Purpose
This paper aims to propose a new indicator of product differentiation in the mortgage market and use it to examine how the double crisis, local market competition and bank-specific characteristics have influenced the supply of non-conventional mortgages in Italy.
Design/methodology/approach
This paper uses a special Bank of Italy’s survey on 400 Italian banks over the period 2006–2013, to compute a new indicator for product differentiation in the mortgage market. This paper considers mortgage with non-conventional characteristics: loan-to-value ratio greater than 80%; duration longer than 30 years or with a flexible maturity.
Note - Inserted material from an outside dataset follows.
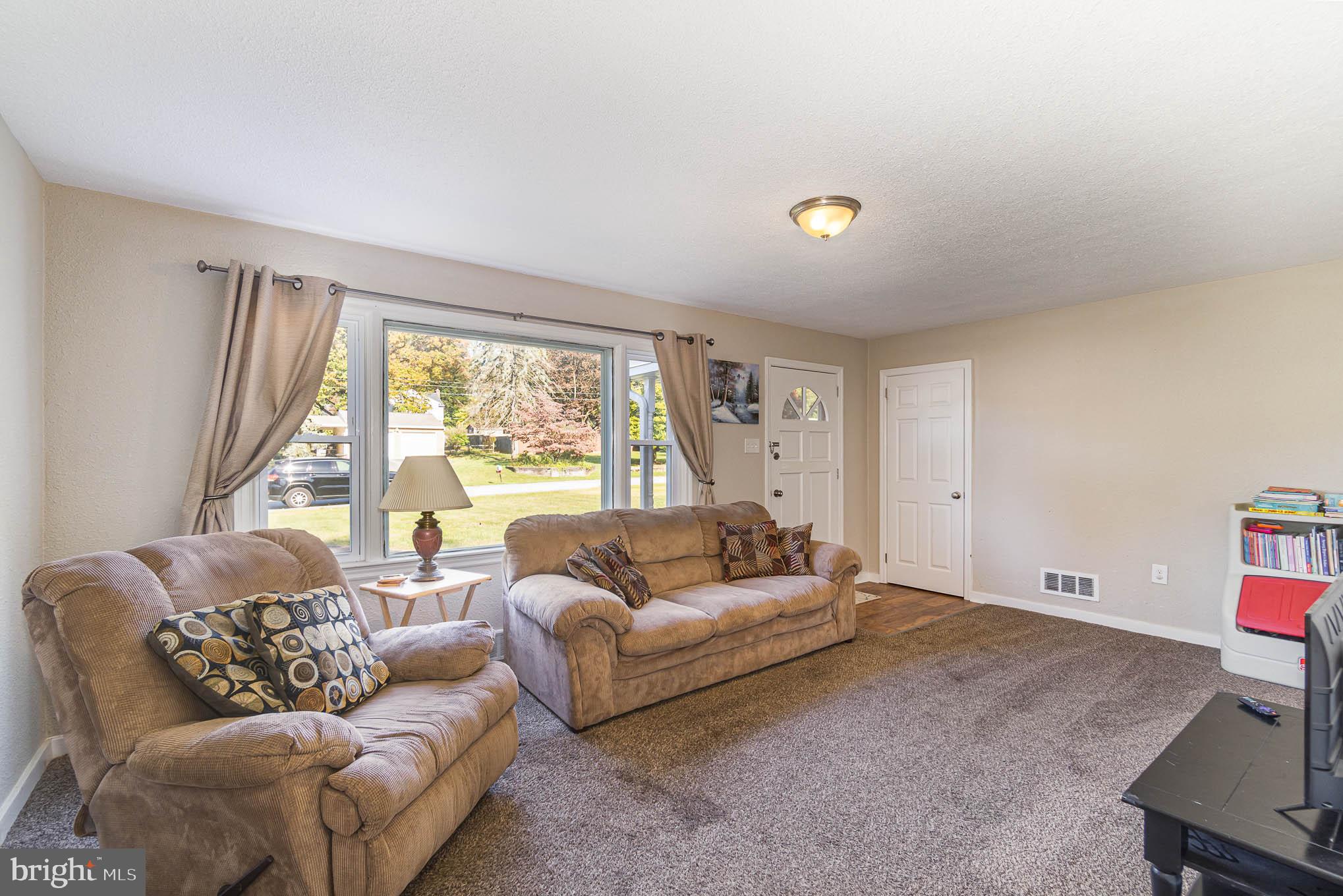 404 Beaumont Road York, PA 17403 - Photo 11 of 26 a living room with furniture and a large window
This paper estimates probit and ordinary least squares (OLS) models using panel data at bank-time level.
Findings
The findings suggest that during the double crisis that hit the Italian economy between 2008 and 2013, the diversification process in the Italian household mortgage market slowed down. Controlling for banks’ and local markets’ this study finds that larger, less risky banks and those that have adopted scoring systems are more likely to offer non-conventional mortgages; moreover, banks operating in more competitive markets and in markets where other banks offer non-conventional loans tend to diversify their supply more. Most of these indications are confirmed by analyzing the quantities actually granted. These results suggest that the structure of the local markets does matter, and that there could be a non-price competition effect among banks in providing differentiated mortgage contracts.
Originality/value
The indicator, computed using data at bank level drawn from a special Bank of Italy’s survey, goes beyond the standard approach on product differentiation followed in the empirical literature, mainly base on the dichotomy between fixed and variable lending rates. Furthermore, to best of the authors’ knowledge, so far there is no empirical evidence on the supply-side factors that influenced the diversification of mortgages’ contractual terms during the crisis; particularly, there is no evidence on the role of local market competition and bank-specific features. This paper contributes to fill this gap in the literature.